L’Ukraine ne pâtit pas uniquement du blocage de l’aide de fonds américains. Ce jeudi soir, le premier ministre hongrois Viktor Orban a à son tour décidé de bloquer une nouvelle aide de 50 milliards d’euros pour l’Ukraine, lors d’une réunion du Conseil européen.
European Media Freedom Act : Le renforcement de la transparence, de la pluralité et de l’indépendance des médias
Ce vendredi 15 décembre, le Parlement et le Conseil européen ont trouvé un accord pour instituer un cadre commun de régulation des services médiatiques dans les marchés nationaux. Le projet a été proposé en septembre 2022 afin de répondre aux inquiétudes face à la politisation des médias et à un manque de transparence dans leur mode de fonctionnement et leurs financements.
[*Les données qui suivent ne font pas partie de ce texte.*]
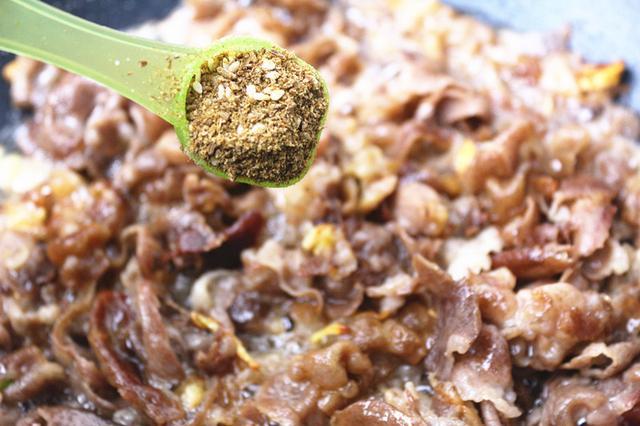 孜然羊肉片的做法 步驟10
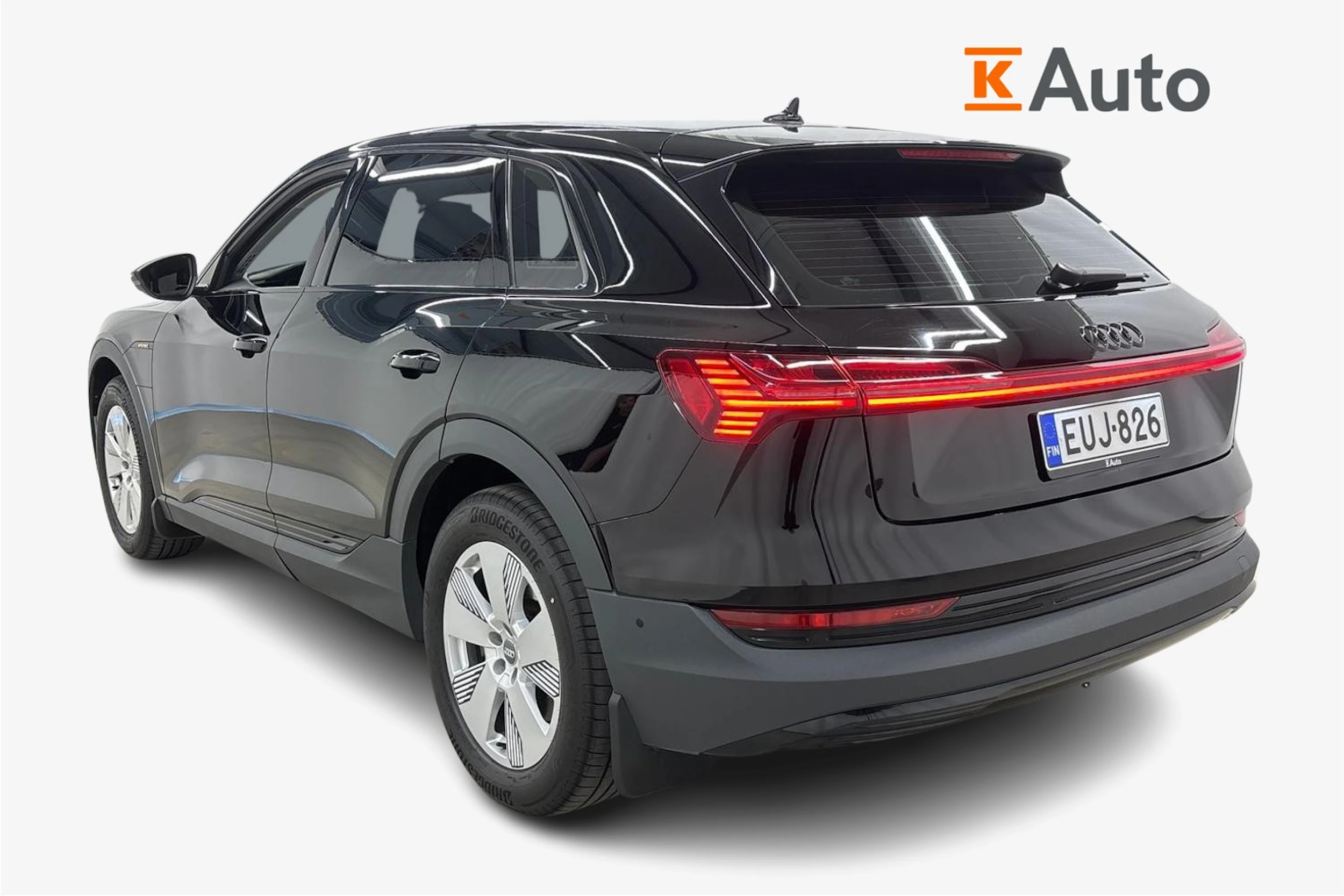 musta Audi e-tron 2020 kuva 3.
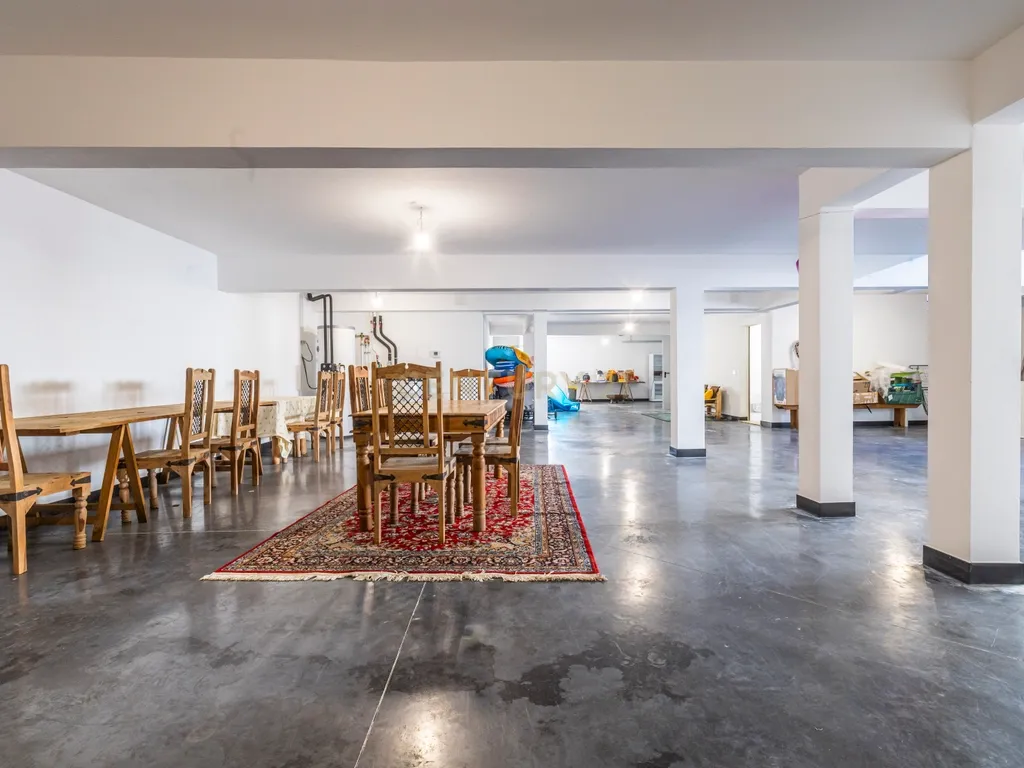 T4+ Villa in Bajouca, Leiria - image 28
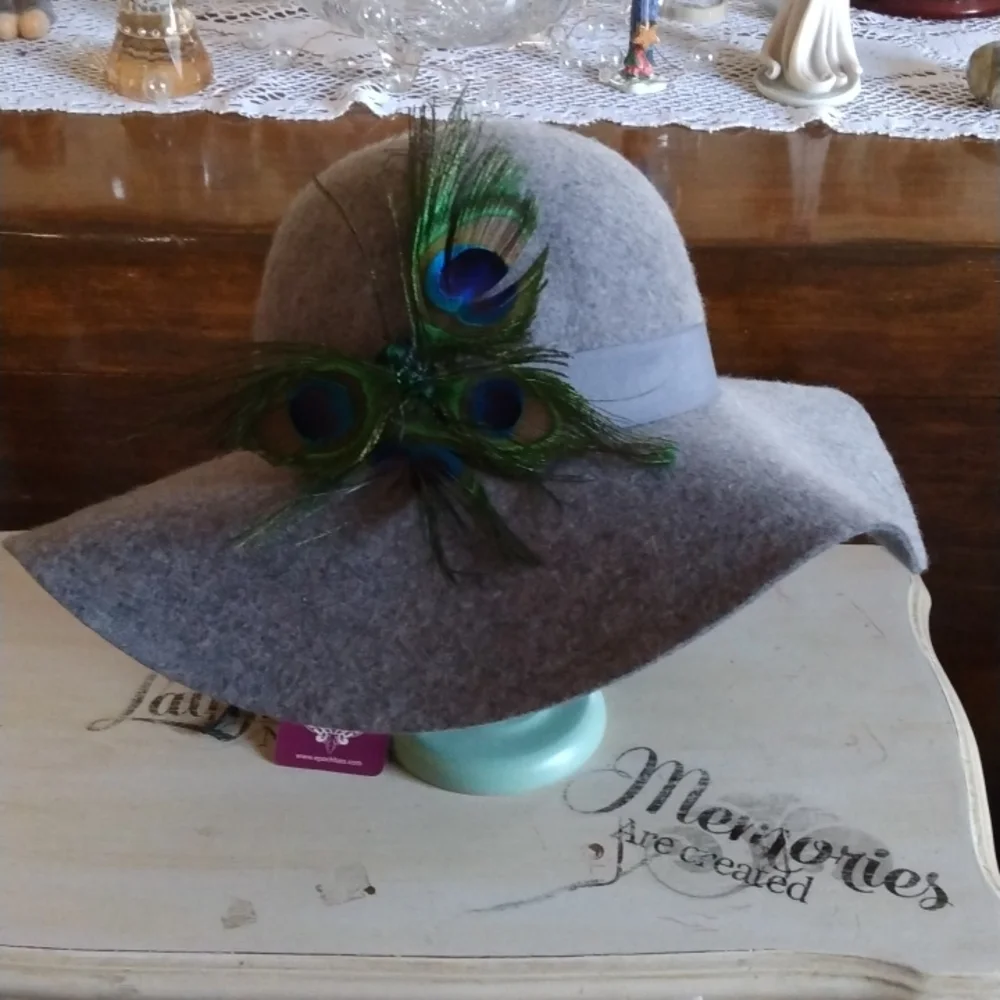 Wool hat - Picture 1 of 3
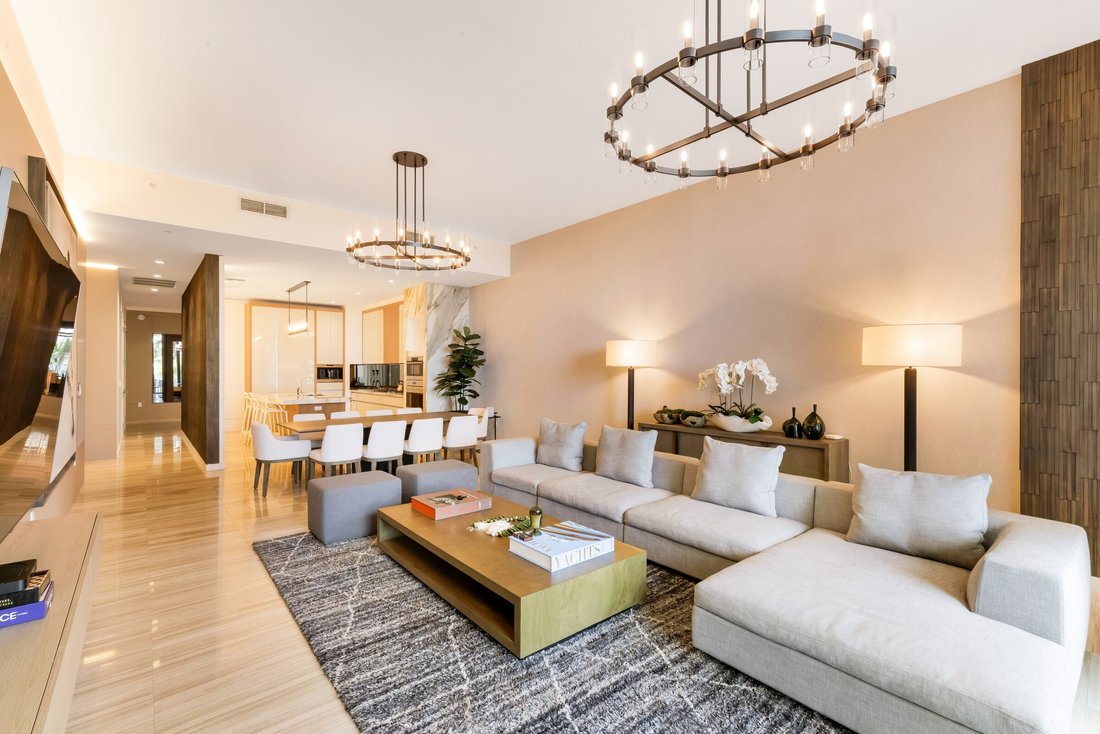 Condo in Miami, Florida, United States 5 - 17548022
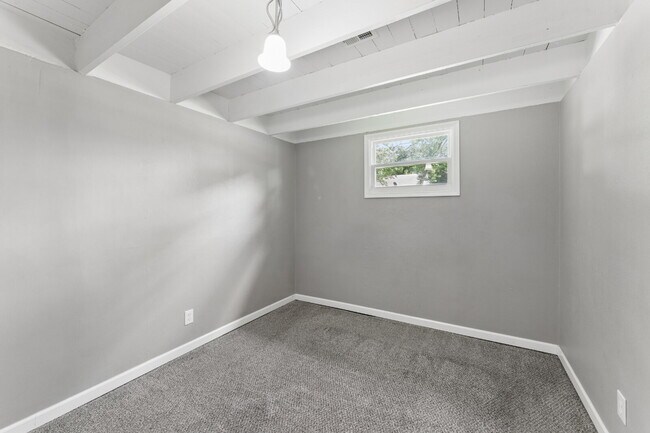 Building Photo - Charming Mid-Century Ranch Home Available Now!  1st Month's Rent is FREE!*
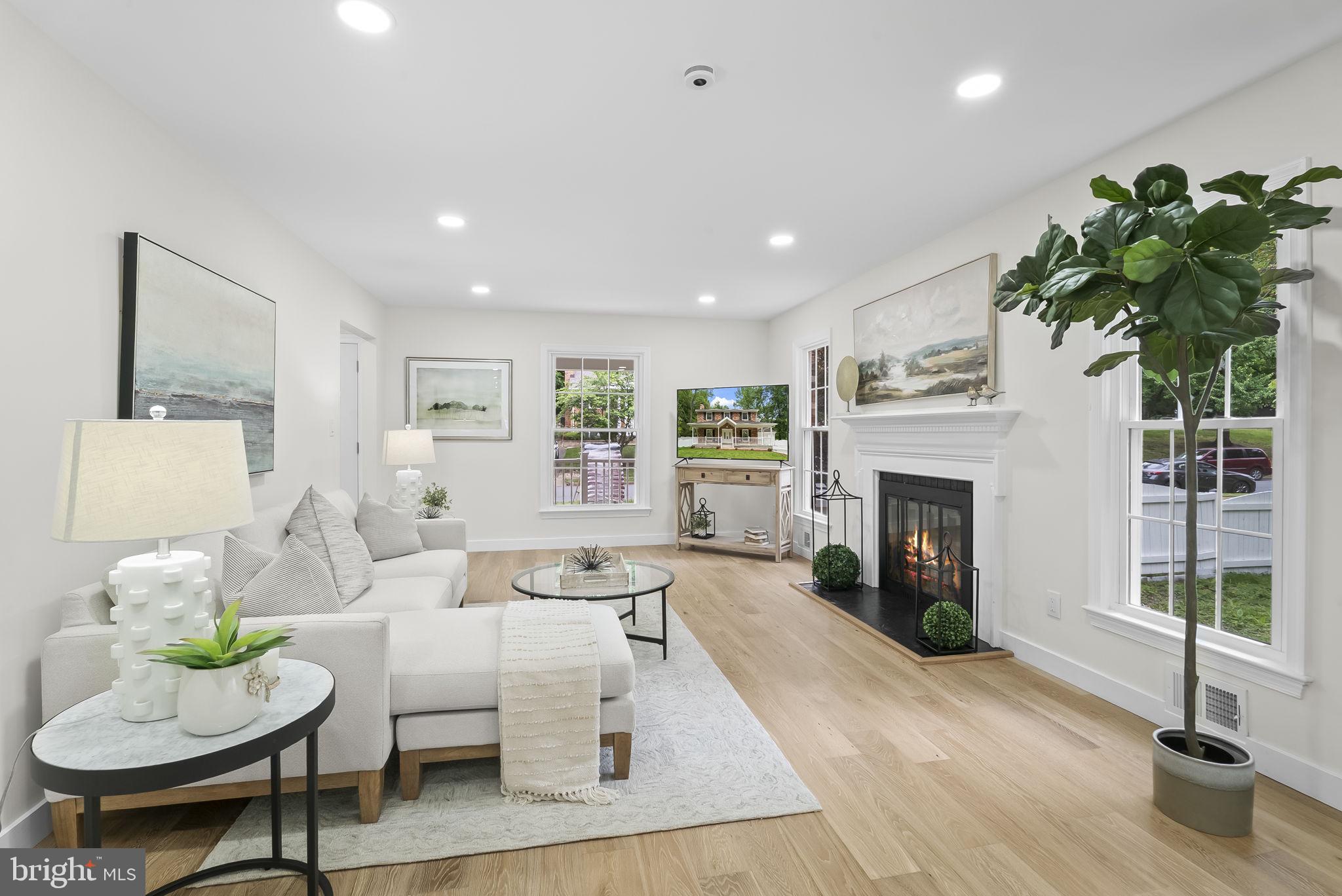 COUNTRY CLUB VIEW - Residential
Cela représente un réel danger pour l’Europe, alors que les principes de la liberté et du pluralisme de la presse sont fixés dans la charte des droits fondamentaux de l’Union Européenne (UE) et par la Convention de sauvegarde des droits de l’homme et des libertés fondamentales.
L’un des enjeux est de conserver un équilibre entre l’harmonisation de l’application de ces droits et le respect de particularités nationales. L’European Media Freedom Act (EMFA) engage donc la responsabilité des Etats membres sur plusieurs points. Ils se chargeront notamment de mettre en place un organe indépendant chargé de contrôler l’effectivité des mesures mises en place.
“Les entreprises médiatiques ne peuvent pas être traitées comme toute autre entreprise”, disait Ursula von der Leyen, présidente de la Commission Européenne, en 2021. “Leur indépendance est essentielle”.
Ainsi le EMFA permettra d’abord de protéger les journalistes, en interdisant aux Etats membres d’utiliser sur eux des logiciels de surveillance et de les obliger à révéler leurs sources. Les gouvernements nationaux ne pourront déroger à cette règle qu’au cas par cas, sous certaines conditions. Les tout sans ôter aux journalistes les droits d’être informé de leur poursuite et de se défendre judiciairement. Les États membres n’auront plus le droit d’interférer dans les décisions éditoriales des médias.
En revanche, ils seront tenus de financer certains services médiatiques afin de leur garantir à la fois une sécurité économique (durabilité et prévisibilité) et l’indépendance. Leurs critères de financement devront viser une pluralité médiatique et être rendus publics. L’UE investit également 7.5 millions d’euros dans des partenariats journalistiques, afin de soutenir la résilience et la collaboration des médias au niveau continental.
L’EMFA contient d’autres mesures en faveur de la transparence de l’information, concernant notamment la méthodologie de mesure de l’audience. Mais il met surtout l’accent sur la transparence vis-à-vis des propriétaires des médias. En effet, toute entreprise médiatique devra publier ses propriétaires directs et indirects ainsi que les fonds qu’ils perçoivent de la part des Etats, notamment hors UE. Enfin les chefs des entreprises médiatiques devront être choisis par des procédures claires et non-discriminatoires.
Dans le monde virtuel, les médias supprimés des “très grandes plateformes en ligne” (VLOP, Very Large Online Platforms) sur la base de la non conformité desdits médias avec leurs conditions générales d’utilisation, auront désormais la possibilité de leur répondre dans un délai de 24 heures. Ils pourront également demander l’opinion, non contraignante, du nouveau Bord of Media Service. Cet organisme permettra de faciliter le dialogue entre VLOP, médias et société civile. Composé d’autorités médiatiques nationales, il aidera aussi la Commission européenne à proposer des lignes directrices à la politique médiatique.
La prochaine étape aura lieu au printemps 2024, lorsque le projet sera soumis au Parlement et au Conseil afin d’être adopté formellement. Il représenterait une avancée majeure pour contrer la désinformation, enjeu crucial dans un contexte de montée des populistes aujourd’hui.